A topic may be active or inactive. If it’s inactive, no new messages can be published to it. If clients try to do it, they will receive an error message.

When a message is published to the topic, its list of recipients is established once, at the time when the message is published. If subscribers appear while the message is being delivered to the original recipients, the new ones will not receive the message.

Each topic may have Guaranteed Delivery (GD) enabled. This setting indicates if messages published to the topic should be by default covered by GD although it can also be set or overridden on a per-message basis.

If a message uses GD, its contents will be stored in an SQL database until all subscribers to the topic existing at the time of the message’s publication confirm that they have received it.

Messages to non-GD topics that have no subscribers at the time of their publications are turned into GD ones.

For each topic, it is possible to set a flag that allows external API clients to subscribe to it. If it is not checked, only administrators will be able to create new subscriptions to that topic. In some cases, tight oversight is required over what applications subscribe to a topic and API subscriptions may be turned off. In other cases, there may be so many dynamic and transient subscribers that manual administration will not be feasible, in this situation, API subscriptions can be enabled.

WebSockets-based clients always subscribe through API calls and in scenarios utilizing WebSockets clients, API subscriptions must be enabled for their relevant topics.

Topics have their depths - maintained individually for GD and non-GD (in-RAM) messages. If current depth reaches the maximum, all new messages will be rejected.

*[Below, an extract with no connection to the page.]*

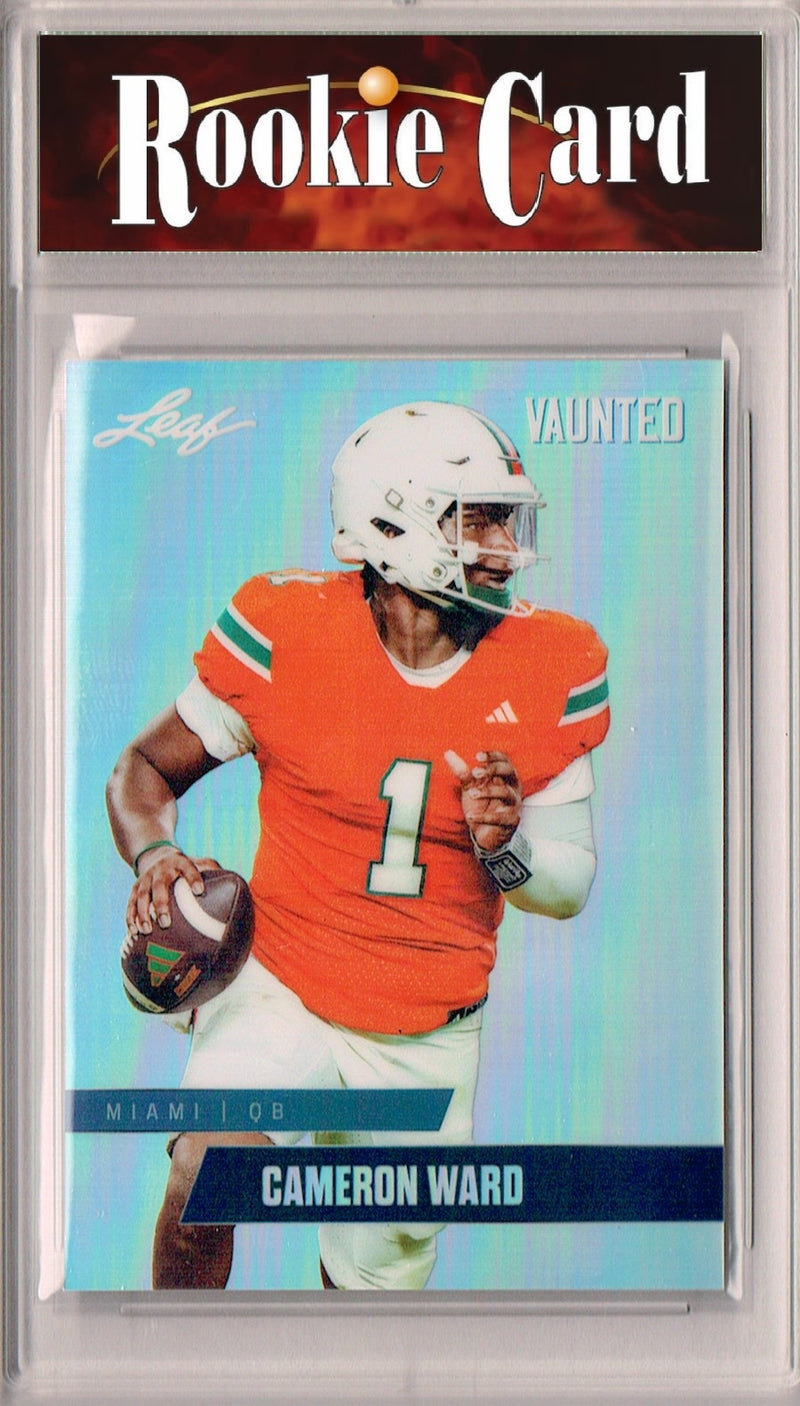 Cameron Cam Ward Rookie Card Tennessee Football Trading Card 2024 Leaf Vaunted Metal #VM-01 Silver 25 Made  Certified Mint+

A topic’s depth has no fixed limits but note that in-RAM messages are indeed kept in RAM of servers which are usually a resource more scarcer than disk storage for GD ones - care must be taken so as not to run out of RAM.

Depth check frequency specifies after one in how many messages current depth will be checked to have reached its maximum value. For instance, assume a topic has depth of 1000 and the frequency is 100. Since after 1 in 100 messages published the depth will be checked, it is possible that the depth will actually reach 1100 in the worst case before it is found out that no new messages should be allowed.

The reason for not checking it exactly before each publication is efficiency - in most business applications, there is almost never any difference if there are a few dozens more messages in the topic yet the performance can be increased by about 15% if only 1 in 100 is checked. If absolute correctness is required, the frequency can be set to 1, meaning each and every message published will trigger a depth check.

With non-GD messages, current topic’s depth is calculated separately for each Zato server. For GD topics, it is counted globally.

Sync and delivery intervals concern how often servers will internally synchronize the current state of deliveries to a particular topic. For each topic, there is exactly one server that will be responsible for deliveries to that topic. Delivery interval indicates how often this server will push out its messages to recipients. Conversely, sync interval dictates how often other server push out messages they received for topic to that delivery server.

For each topic it is possible to assign a service that will execute at specific points, e.g. before the message is published or before it is delivered to a subscriber. The service has access to full business data and metadata. This lets one, for instance, to transform messages on a per-recipient basis, possibly including changing its data format or enrichment with data obtained by invoking other services.